Wreszcie trzecia droga charakteryzuje się głębokim połączeniem prawdy o Bogu i o człowieku. Nie ma tu przeciwstawienia, ale występuje niejako wzajemne ubogacanie się. Prawda o Bogu uwrażliwia na człowieka; pomaga bardziej go kochać i szanować. Z kolei podejmowanie ludzkich spraw prowadzi do odkrywania Boga Miłości. To połączenie w sposób doskonały dokonuje się w Jezusie Chrystusie, który jest jednocześnie prawdziwym Bogiem i prawdziwym Człowiekiem. Wiara chrześcijańska rozumiana jest jako zaproszenie do życia wedle tej Bożo-ludzkiej Miłości. 
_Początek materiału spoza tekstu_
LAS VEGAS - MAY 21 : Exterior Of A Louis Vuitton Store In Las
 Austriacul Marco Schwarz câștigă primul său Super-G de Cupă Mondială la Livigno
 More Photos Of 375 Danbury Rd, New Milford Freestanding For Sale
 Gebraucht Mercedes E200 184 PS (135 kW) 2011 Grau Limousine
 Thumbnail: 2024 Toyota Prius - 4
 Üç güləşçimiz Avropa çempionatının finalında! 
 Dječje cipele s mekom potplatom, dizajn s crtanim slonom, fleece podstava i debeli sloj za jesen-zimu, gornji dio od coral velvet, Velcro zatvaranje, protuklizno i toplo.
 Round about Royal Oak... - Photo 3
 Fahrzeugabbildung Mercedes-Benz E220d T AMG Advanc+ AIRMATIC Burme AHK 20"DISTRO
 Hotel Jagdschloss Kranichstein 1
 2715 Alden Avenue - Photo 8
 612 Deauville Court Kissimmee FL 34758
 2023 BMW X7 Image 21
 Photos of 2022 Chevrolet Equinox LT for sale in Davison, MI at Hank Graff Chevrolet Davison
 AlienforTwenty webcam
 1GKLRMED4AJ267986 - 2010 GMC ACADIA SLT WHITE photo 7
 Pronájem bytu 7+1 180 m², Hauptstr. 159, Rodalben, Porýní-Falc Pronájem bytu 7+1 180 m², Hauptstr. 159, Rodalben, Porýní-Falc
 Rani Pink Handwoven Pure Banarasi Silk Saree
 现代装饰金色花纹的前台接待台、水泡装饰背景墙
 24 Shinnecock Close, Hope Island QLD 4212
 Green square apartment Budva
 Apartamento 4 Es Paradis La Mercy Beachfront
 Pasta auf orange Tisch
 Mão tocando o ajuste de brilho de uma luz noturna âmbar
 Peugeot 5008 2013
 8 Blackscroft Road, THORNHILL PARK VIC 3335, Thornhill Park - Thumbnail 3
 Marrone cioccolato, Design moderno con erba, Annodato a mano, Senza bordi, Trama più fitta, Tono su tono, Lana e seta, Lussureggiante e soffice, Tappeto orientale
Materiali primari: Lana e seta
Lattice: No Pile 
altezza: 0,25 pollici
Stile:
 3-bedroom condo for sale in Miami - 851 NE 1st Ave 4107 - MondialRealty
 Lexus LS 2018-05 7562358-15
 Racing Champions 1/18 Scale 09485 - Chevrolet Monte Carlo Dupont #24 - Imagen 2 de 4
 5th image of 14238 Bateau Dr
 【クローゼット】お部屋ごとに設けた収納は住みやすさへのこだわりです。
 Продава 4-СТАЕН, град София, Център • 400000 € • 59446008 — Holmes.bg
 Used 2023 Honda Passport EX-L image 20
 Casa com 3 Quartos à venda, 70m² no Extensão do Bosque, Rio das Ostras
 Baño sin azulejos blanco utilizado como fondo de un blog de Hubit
 Biblijni uczeni w Piśmie mieli trudność, aby dostrzec w pokornym Jezusie Boga. Trwali bowiem  niewolniczo w swych wyobrażeniach o „Wszechmocnym Mesjaszu”, którego zgodnie z tradycją ma poprzedzić wspaniały prorok Eliasz (Por. Mt 17, 10-13). Woleli własny „lepszy” plan: „ja wiem najlepiej, co powinno być i jak powinno być”. Taka zadufana postawa spowodowała odrzucenie „gorszego” Bożego planu. Dlatego Jezus proroczo zapowiedział: „Syn Człowieczy będzie od nich cierpiał”. I tak się stało. Najpierw został zabity Boży Eliasz, czyli Jan Chrzciciel, który „już przyszedł, a nie poznali go i postąpili z nim tak, jak chcieli”. Następnie  w imię  miłości Boga, Jezus-Człowiek został poddany torturom, zabity na Krzyżu i odrzucony!

Wedle Bożego planu, przyjście Jezusa poprzedził i przygotował Jan Chrzciciel, który był zapowiadanym „Eliaszem”. Ten scenariusz nieustannie się powtarza. Bardzo ważne, aby nie przeoczyć i nie zabić swego „Eliasza”, poprzez którego Bóg przygotowuje przyjście Jezusa do naszego serca. Możemy wówczas trwać w iluzji, że jesteśmy z „Bogiem”, a będziemy bez Jezusa…

Pycha prowadzi do postawy: „człowiek bez Boga” lub „Bóg bez człowieka”. Pokora otwiera serce na naszego „Eliasza”, który poprzedza nadejście jedynego Zbawiciela. Jest Nim Jezus Chrystus, który jako Miłość Wcielona umożliwia postawę "Bóg i człowiek"...

14 grudnia  2013 (Mt 17, 10-13)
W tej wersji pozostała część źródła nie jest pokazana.